The Embassy of Google

embassies_mass_ave_credit-Mieko-Yamaguchi
I really like Google+ for the most part (as much as I hate the name), and I find the interactions that I have there to be, on the average, much higher in quality than those I have over Facebook or Twitter. Part of that I know is because there just aren’t all that many people there, so there’s less noise in my individual feed, and those who are there are going to be, well, at least a little more like me: tech-enthusiast, early adopter, cultural geeks. I come across very little abuse or vitriol, and see almost none of the social signaling that is so prevalent, even defining, of the other platforms; the constant wearing one’s obviously-correct politics on one’s sleeve to show that one is on The Right Side of Things. On the whole, it’s calm, thoughtful discussion or commentary a given topic.

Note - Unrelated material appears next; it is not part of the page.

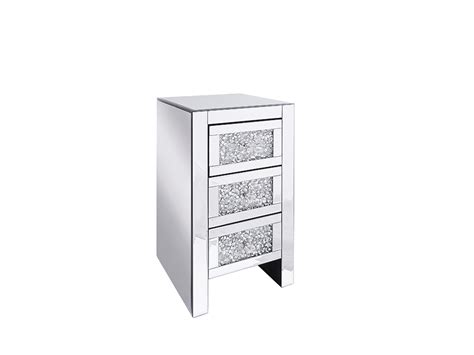 3 Drawer Mirrored Bedside Table Silver LORAY | Beliani.no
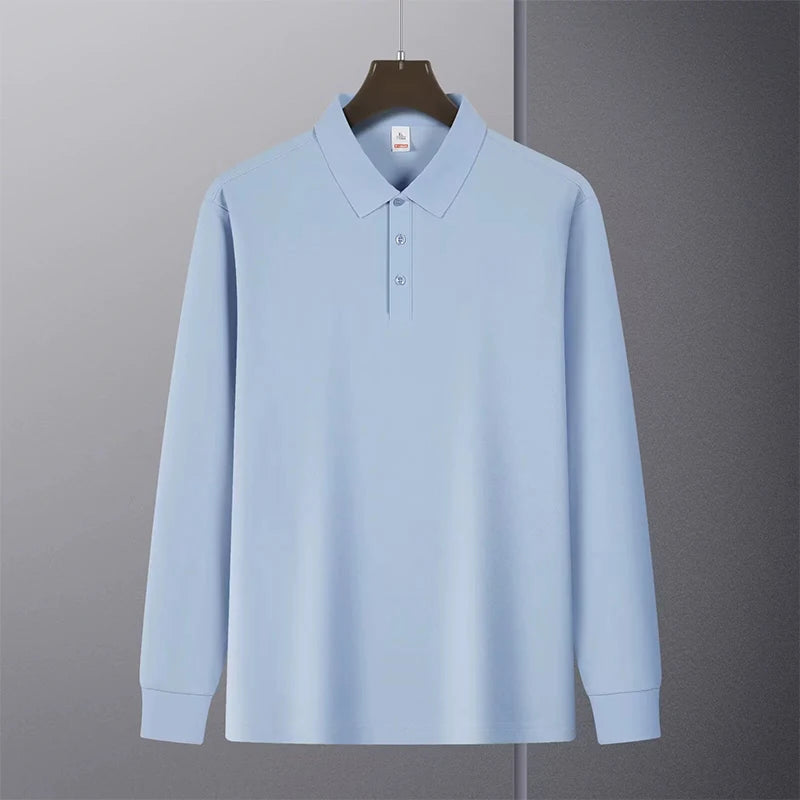 HEARUJOY  -  New American Retro Men Polo Shirt Light Luxury Solid Color Slim-fit Commuting Long Sleeve T-shirt Leisure Business Pullover Tops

So why is that? Well, truth be told, it’s not that the political discussion I see on Google+ is somehow superior, but that it’s not really there at all. There’s not much in the way of social signaling of ideologies because that’s simply not what surfaces, and it’s not what I’ve chosen to have surfaced. Instead, I see a lot about tech and a bit about nerd culture. Perhaps if I followed (or in the G+ parlance, “circled”) more explicitly political individuals and groups I might see more of the eye-roll inducing things I find on Twitter, but I haven’t, so I don’t.

And thinking about it more, Google+ isn’t even really just about tech generally, but a particularly geeky view of tech. In other words, it’s a lot about things related to Google, at least at a secondary or tertiary level. It’s no coincidence that I became much more interested in Google+ when I first started using Android devices, lost interest in it when I moved back into an all-Apple ecosystem, and came back to it when I got back into Android. Google+ on Android is a fantastic place to read and talk about Google and Android.*

On This Week in Google on the TWiT network this week, Danny Sullivan of the site Search Engine Land made an astute observation, almost as a throwaway comment, but it stuck with me. He said:

Google+ is the Apple Store for Google.

Let me unpack why this is such an interesting thought.

I used to work at an Apple Store, and while there it became clear to me that while I’m sure Apple makes untold bazillions just off the in-person retail transactions that take place at its stores, these places serve a grander purpose.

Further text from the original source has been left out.